Hyside is sponsoring races at the Go Pro Games, FIBARK, and the Royal Gorge Whitewater Festal by sending 6 Mini Me’s to be used in the races. They will be used for less than 2 hours total and will be sold at a 15% discount. The Outfitter models retail for $2,175 and the Demo sale price $1895. The Neo retails for $1895 and Demo sale price $1,572. 

The boats will be available for pick-up or shipping at Riverboat Works, Salida CO. the week of June 23d.

There are only 5 left; blue, green, red, yellow, and Neo.

Call us or email us and we will hold one for you with a 50% deposit.


----------



## Riverboat Works

Only 4 left: Choice of blue, green, yellow, or Neo.

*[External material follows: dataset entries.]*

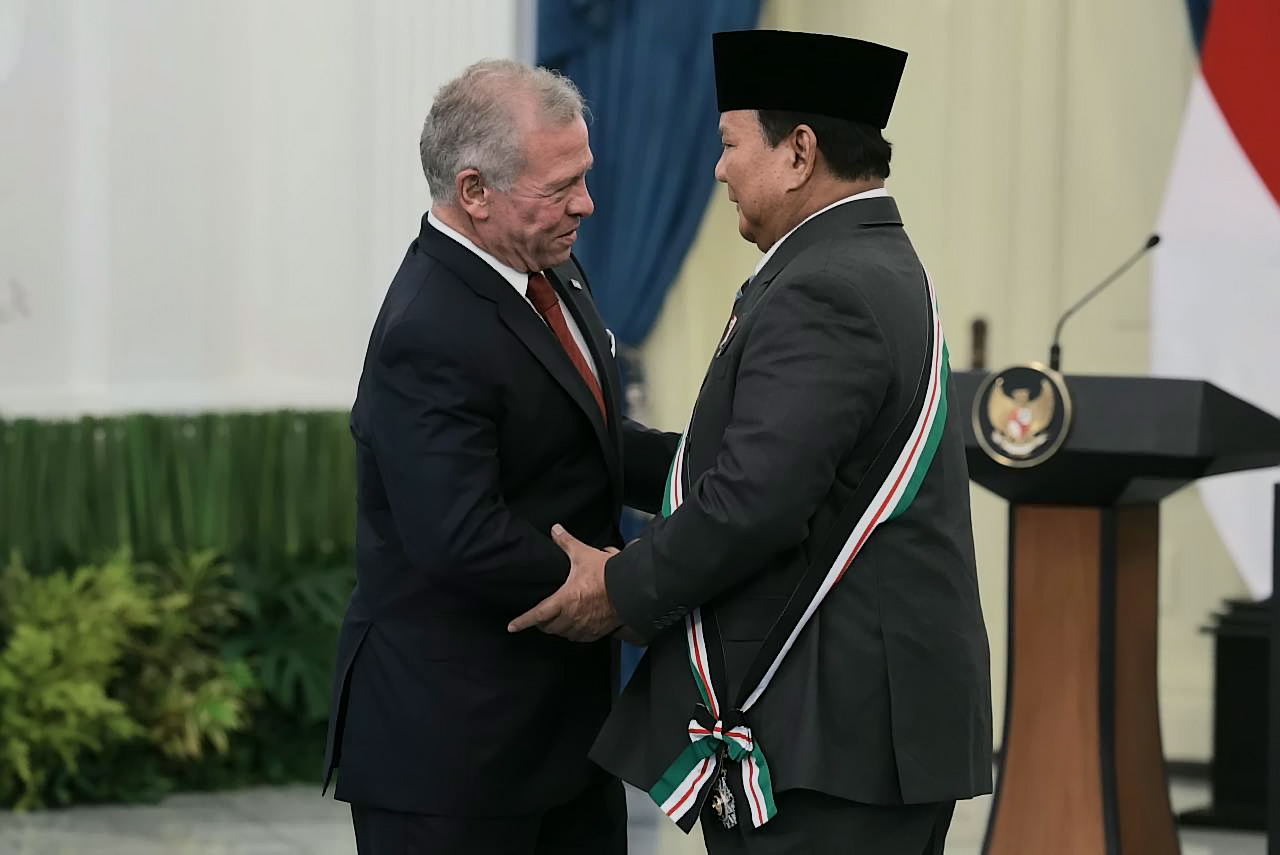 “The Bejewelled Grand Cordon of Al Nahda” (Order of the Renaissance) dari Raja Kerajaan Yordania Hasyimiah, Raja Abdullah II ibn Al Hussein, di Istana Merdeka, Jakarta, Kamis, 14 Nopember 2025, yang diberikan sebagai pengakuan dan penghormatan Raja Abdullah II ibn Al Hussein atas kontribusi Presiden Prabowo dalam memperkuat hubungan bilateral antara Indonesia dan Yordania, khususnya dalam kerja sama di bidang kemanusiaan, stabilitas kawasan, pertahanan, dan isu-isu global yang menjadi perhatian kedua negara. [Tim Media Presiden]
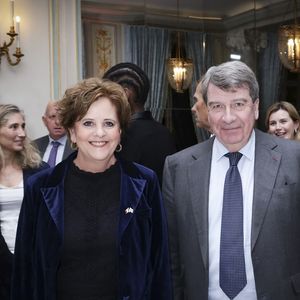 Menna Rawlings (S.E Ambassadrice de Grande Bretagne), Xavier Darcos - Dîner de La Revue des Deux Mondes au Cercle de l’Union Interalliée dont l’invité d’honneur était Gabriel Attal à Paris le 20 janvier 2025. Lundi 20 janvier - Marc Ladreit de Lacharrière recevait Gabriel Attal pour le premier dîner du Cercle de la Revue des Deux Mondes de l'année 
 
Les salons du Cercle Interallié ont fait salle comble ce lundi, réunissant de nombreuses personnalités du monde des affaires, de la culture ou encore de la diplomatie, venues écouter l'ancien Premier ministre.
 
Etaient notamment présents à cette soirée prestigieuse, le Chancelier de l’Institut de France Xavier Darcos, l’ancien préfet Pierre de Bousquet de Florian et les principaux ambassadeurs d’Europe, dont l’ambassadrice de Grande-Bretagne Menna Rawlings.
 
Le cinéma était notamment très bien représenté par les réalisateurs Jean-Jacques Annaud, Yamina Benguigui et Vincent Duquesne. Du côté des affaires, on a pu y voir Laurent Dassault, Philippe Benacin, Augustin de Romanet et Philippe Palazzi.
 
Quant au monde de la culture, celui-ci comptait de nombreux représentants de qualité, avec Christophe Leribault, Emmanuel Kasarhérou, Adrien Goetz, Eléonore de Lacharrière, Pierre Sellal, Frédéric Jousset, Francine Mariani-Ducray ou encore Nathalie Obadia.
 
Une soirée exceptionnelle pour une rentrée réussie et riche de débats ! © Jack tribeca/Bestimage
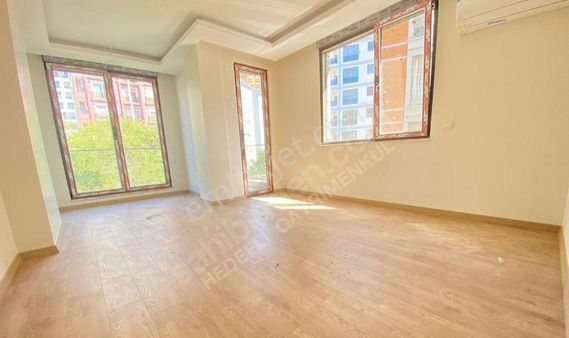 Bostancı'da Balkonlu Otoparklı Ayrı Mutfaklı Ön Cephe Sıfır 2+1!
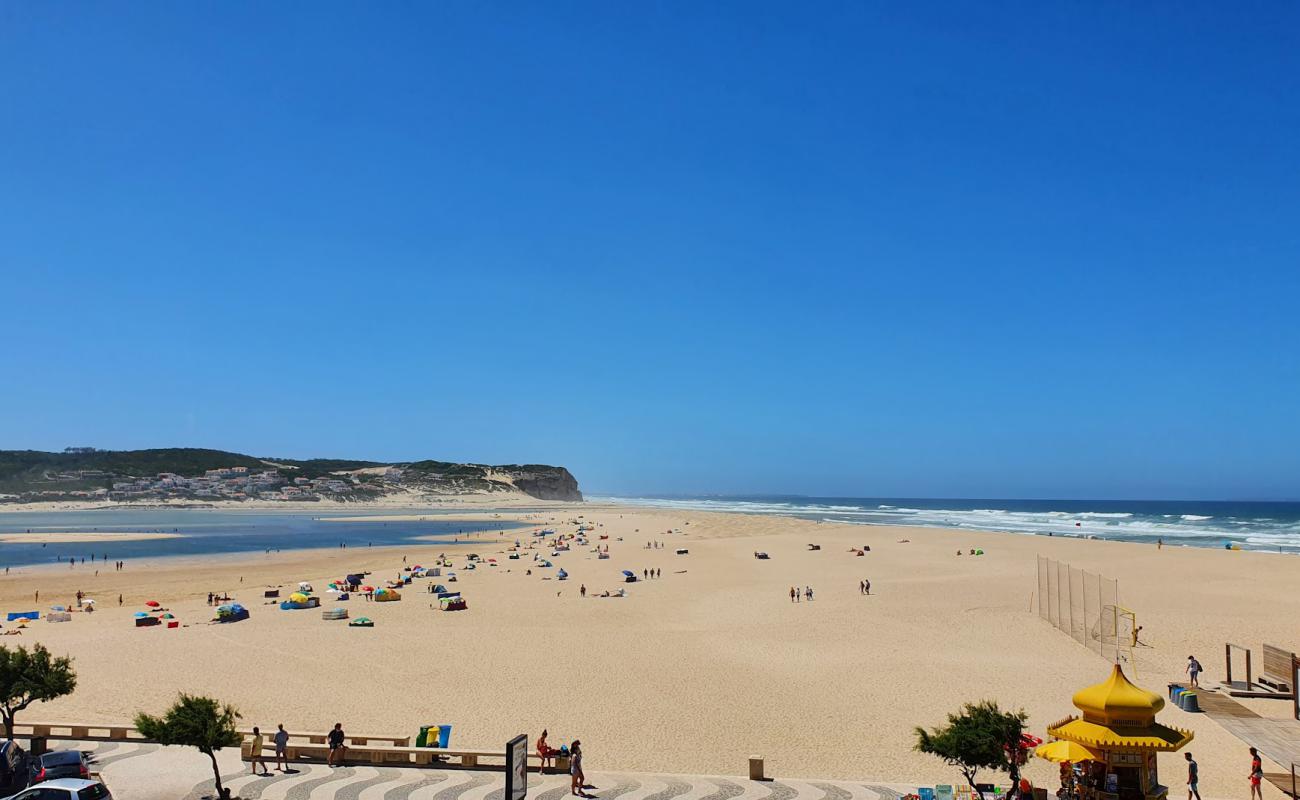 Photo de Praia da Foz do Arelho avec sable lumineux de surface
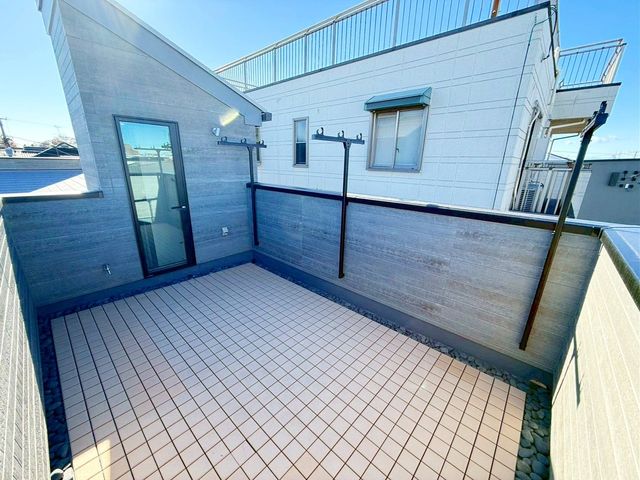 �o���R�j�[ �����Ղ���󕨂������郋�[�t�o���R�j�[�͎��p�I�Ȃ����łȂ��A�v�����^�[��u���ăK�[�f�j���O��ƒ�؉����y���ނ��Ƃ��ł������ɍʂ��������ԂƂ��Ă��g���܂���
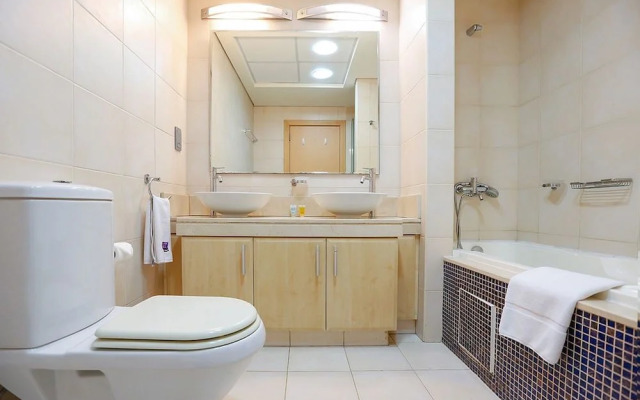 Shoreline #4 Jash Falqua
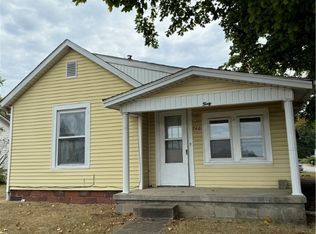 740 John St, Coshocton, OH 43812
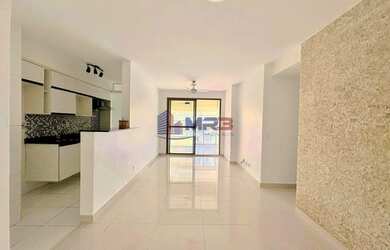 Imagem: O apartamento possui 3 Dormitórios, 2 Banheiros, 1 Vaga na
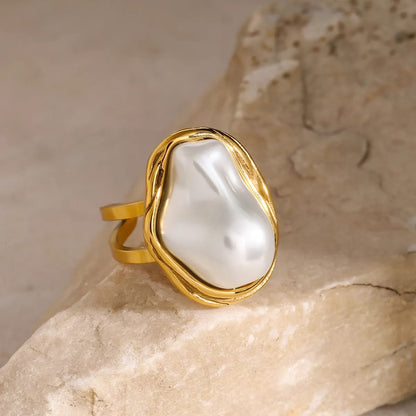 Luna Pearl Ring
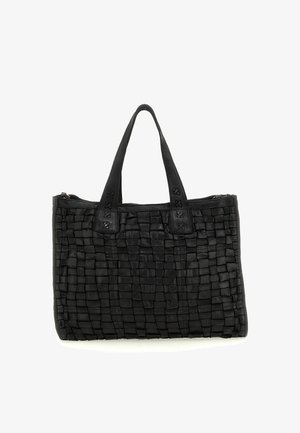 Borsa a tote in pelle intrecciata nera con due manici corti, caratterizzata da un motivo a griglia testurizzato e una chiusura con zip superiore.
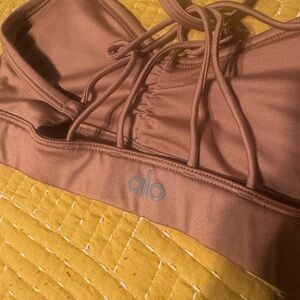 ALO Yoga Strappy Sports Bra in Mauve Brown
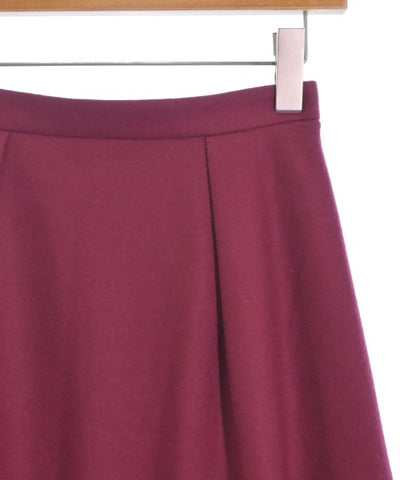 UNTITLED Knee length skirts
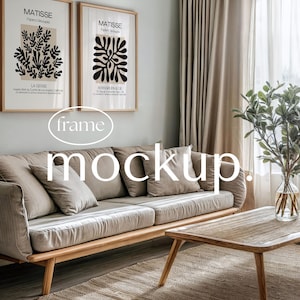 Mockup met 2 frames, A0 A1 A2 A3 A4 ISO-lijst in woonkamer met bank, PSD en JPG, Digitale download, Slim Photoshop-object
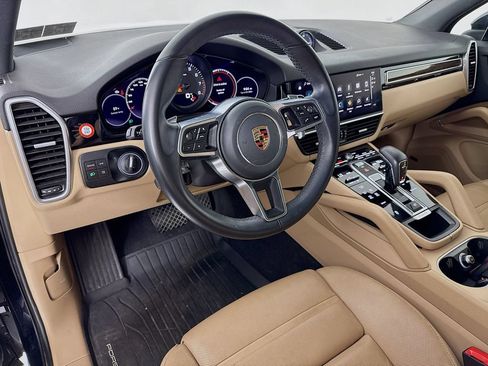 Certified 2023 Porsche Cayenne Platinum Edition AWD/4WD image 4
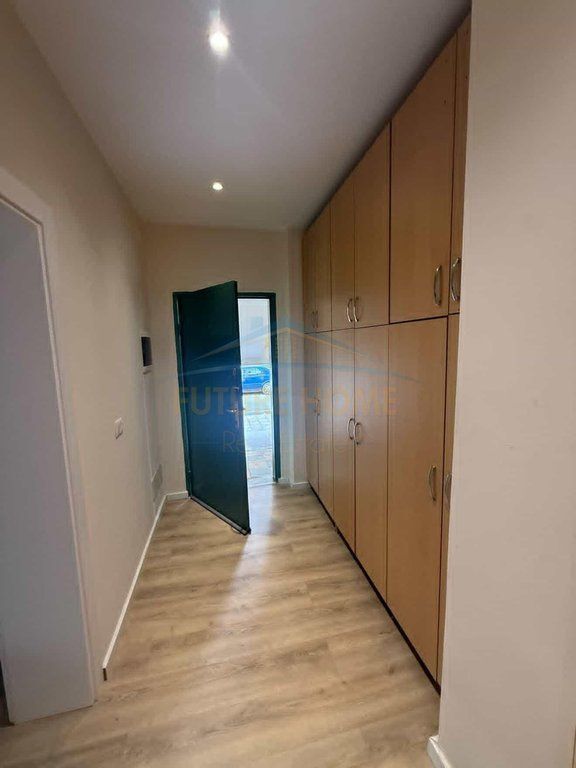 For sale, 1+1 Apartment Kombinat, Tirane. PARK68556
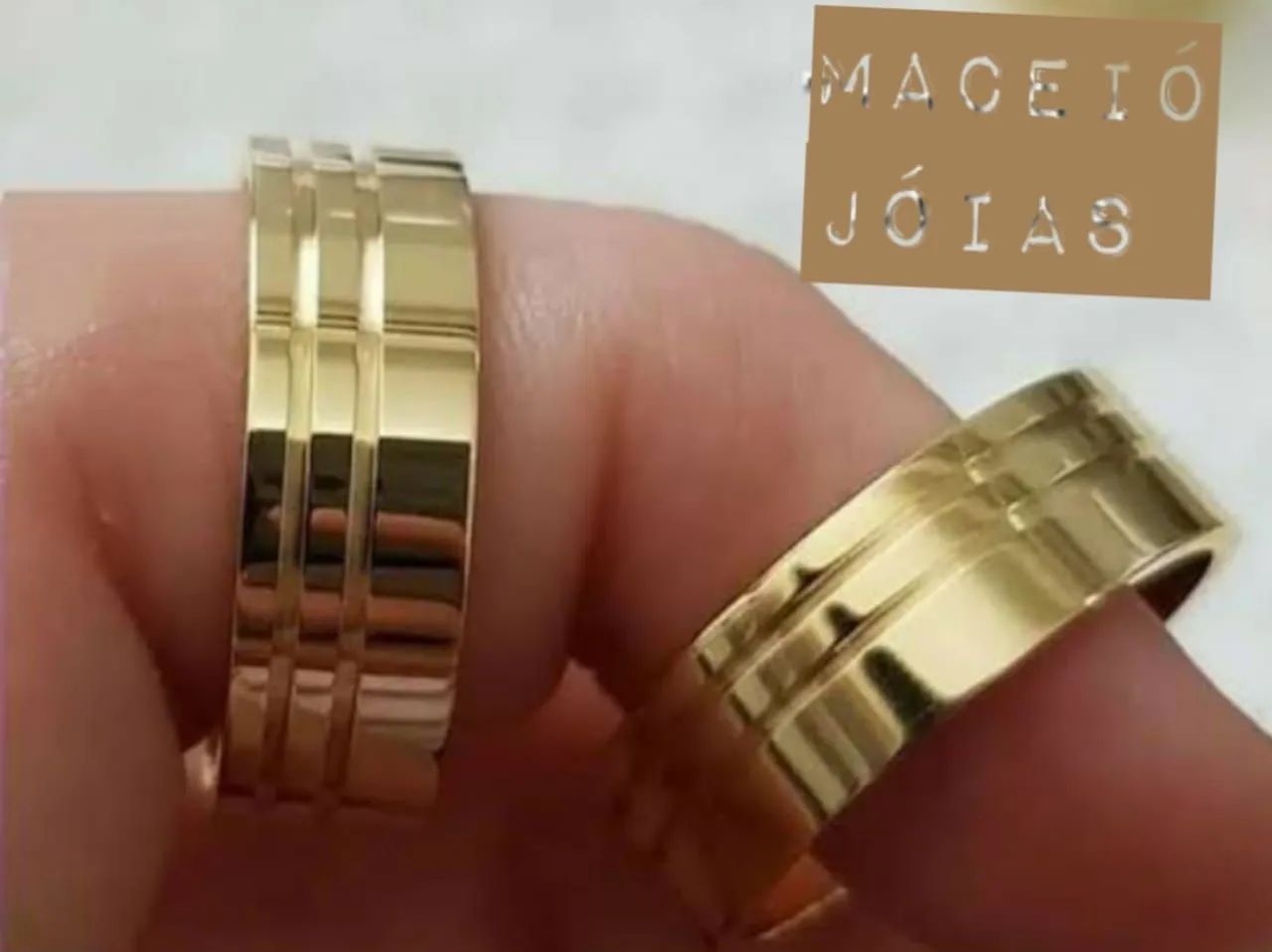 PAR DE ALIANÇAS NOIVADO E CASAMENTO BANHADAS A OURO 18K  - Foto 3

Don't wait: GoPro Games this weekend and FIBARK next week.


----------



## Riverboat Works

Only two left; the red and the Neo. Only two days left at FIBArk. The race and rodeo are over. Next week these boats will be used at the R-2 race in Canon City at the Royal Gorge White Water festival and then they will be available for pick-up or shipping the week of June 23 here at Riverboat Works in Salida, CO. 

Today Saturday and tomorrow they are in the Hyside/Riverboat Works booth on the boat ramp at FIBArk. Come by and check them out or call our store and get your name on either one of these that are left. Don’t wait they are almost all gone.


----------



## Riverboat Works

Only the Neo is available. Great price retail is $1,895 and the Demo price is $1572. Only one left.

They are moving down to the Royal Gorge Whitewater festival this week and will be back here at Riverboat Works next week ready to pick-up or ship. 

Call and hold this last Demo Neo Mini Me with a 50% deposit.


----------



## Sherpa9543

Do you still have that last neo?


Sent from my iPhone using Mountain Buzz


----------



## Riverboat Works

sorry it is sold


----------